What is required » Output the line that contains "Jeep-Wagoneer-1982-Green-9" and every line after it to the end of the entries, with nothing added or left out.

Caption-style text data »
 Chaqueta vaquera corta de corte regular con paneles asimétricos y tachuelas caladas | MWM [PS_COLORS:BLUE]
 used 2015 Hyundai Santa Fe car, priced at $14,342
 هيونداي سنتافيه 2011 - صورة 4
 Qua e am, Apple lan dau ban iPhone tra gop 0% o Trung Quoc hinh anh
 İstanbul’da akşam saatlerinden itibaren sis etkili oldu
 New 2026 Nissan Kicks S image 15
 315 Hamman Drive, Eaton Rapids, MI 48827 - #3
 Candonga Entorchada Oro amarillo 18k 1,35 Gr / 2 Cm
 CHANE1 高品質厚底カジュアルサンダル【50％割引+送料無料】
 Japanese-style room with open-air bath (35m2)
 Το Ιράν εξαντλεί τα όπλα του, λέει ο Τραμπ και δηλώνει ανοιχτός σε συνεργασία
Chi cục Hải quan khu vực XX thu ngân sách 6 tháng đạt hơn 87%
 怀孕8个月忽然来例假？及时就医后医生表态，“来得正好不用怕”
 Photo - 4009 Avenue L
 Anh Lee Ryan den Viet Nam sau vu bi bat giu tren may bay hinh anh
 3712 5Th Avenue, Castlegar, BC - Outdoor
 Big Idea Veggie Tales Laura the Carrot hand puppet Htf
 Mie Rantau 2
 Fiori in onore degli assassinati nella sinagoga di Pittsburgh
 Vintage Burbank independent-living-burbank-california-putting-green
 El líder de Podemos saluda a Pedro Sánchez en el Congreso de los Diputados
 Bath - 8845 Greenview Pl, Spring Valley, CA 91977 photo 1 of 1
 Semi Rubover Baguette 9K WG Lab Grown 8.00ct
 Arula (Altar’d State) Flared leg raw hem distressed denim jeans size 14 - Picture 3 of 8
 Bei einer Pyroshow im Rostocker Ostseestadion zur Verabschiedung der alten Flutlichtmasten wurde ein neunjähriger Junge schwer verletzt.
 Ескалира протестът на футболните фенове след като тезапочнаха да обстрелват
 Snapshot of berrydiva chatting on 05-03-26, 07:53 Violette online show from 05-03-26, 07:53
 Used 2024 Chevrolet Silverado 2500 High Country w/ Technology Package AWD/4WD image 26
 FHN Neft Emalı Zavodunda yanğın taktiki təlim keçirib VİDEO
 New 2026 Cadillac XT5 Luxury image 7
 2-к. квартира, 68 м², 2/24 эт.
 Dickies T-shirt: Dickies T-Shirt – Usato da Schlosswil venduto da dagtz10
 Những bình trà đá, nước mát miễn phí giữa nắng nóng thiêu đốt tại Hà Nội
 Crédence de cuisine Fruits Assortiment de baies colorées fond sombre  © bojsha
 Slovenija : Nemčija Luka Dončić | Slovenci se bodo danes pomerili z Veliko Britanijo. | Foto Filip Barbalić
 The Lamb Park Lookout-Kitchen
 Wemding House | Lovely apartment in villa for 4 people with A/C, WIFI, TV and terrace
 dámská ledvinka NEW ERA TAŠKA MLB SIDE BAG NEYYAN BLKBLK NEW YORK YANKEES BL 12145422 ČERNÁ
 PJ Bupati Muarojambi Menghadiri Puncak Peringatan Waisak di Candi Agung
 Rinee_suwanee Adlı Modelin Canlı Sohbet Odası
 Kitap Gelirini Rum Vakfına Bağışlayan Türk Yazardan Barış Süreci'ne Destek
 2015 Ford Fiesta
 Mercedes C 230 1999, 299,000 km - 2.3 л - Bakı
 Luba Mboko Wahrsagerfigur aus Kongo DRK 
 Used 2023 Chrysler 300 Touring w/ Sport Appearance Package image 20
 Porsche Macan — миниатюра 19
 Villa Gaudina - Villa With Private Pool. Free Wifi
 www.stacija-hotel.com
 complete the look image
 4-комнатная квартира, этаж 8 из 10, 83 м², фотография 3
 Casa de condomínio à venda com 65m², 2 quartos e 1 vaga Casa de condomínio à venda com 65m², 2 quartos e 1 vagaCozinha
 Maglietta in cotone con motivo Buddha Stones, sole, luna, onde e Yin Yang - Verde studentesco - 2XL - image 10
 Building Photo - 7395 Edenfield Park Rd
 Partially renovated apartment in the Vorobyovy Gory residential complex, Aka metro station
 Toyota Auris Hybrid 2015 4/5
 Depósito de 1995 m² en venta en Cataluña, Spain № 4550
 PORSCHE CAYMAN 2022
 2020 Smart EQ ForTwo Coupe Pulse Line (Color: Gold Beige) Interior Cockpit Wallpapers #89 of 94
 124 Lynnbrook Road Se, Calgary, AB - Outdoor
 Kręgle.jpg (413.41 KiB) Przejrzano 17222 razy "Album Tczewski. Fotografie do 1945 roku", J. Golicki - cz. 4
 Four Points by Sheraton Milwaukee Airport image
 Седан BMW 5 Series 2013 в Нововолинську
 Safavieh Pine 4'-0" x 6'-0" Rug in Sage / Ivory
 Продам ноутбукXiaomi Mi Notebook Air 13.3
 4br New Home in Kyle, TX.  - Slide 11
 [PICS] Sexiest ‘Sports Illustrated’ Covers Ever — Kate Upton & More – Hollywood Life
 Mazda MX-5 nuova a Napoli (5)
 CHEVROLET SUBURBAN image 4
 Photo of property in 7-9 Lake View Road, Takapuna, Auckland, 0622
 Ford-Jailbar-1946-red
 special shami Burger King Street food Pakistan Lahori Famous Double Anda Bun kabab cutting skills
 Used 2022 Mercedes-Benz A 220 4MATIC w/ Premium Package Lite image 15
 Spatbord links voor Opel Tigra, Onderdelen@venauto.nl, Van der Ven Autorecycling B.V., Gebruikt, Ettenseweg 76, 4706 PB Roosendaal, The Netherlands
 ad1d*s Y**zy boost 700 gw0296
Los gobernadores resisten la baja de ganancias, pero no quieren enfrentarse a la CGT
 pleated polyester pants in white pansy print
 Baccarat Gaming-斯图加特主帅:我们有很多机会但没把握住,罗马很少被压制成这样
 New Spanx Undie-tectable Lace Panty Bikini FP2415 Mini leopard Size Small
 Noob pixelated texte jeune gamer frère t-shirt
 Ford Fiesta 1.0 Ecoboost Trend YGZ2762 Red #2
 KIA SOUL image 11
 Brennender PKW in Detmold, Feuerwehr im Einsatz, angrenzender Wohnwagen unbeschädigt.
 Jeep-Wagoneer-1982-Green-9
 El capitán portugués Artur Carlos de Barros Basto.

Exercise response »
 Jeep-Wagoneer-1982-Green-9
 El capitán portugués Artur Carlos de Barros Basto.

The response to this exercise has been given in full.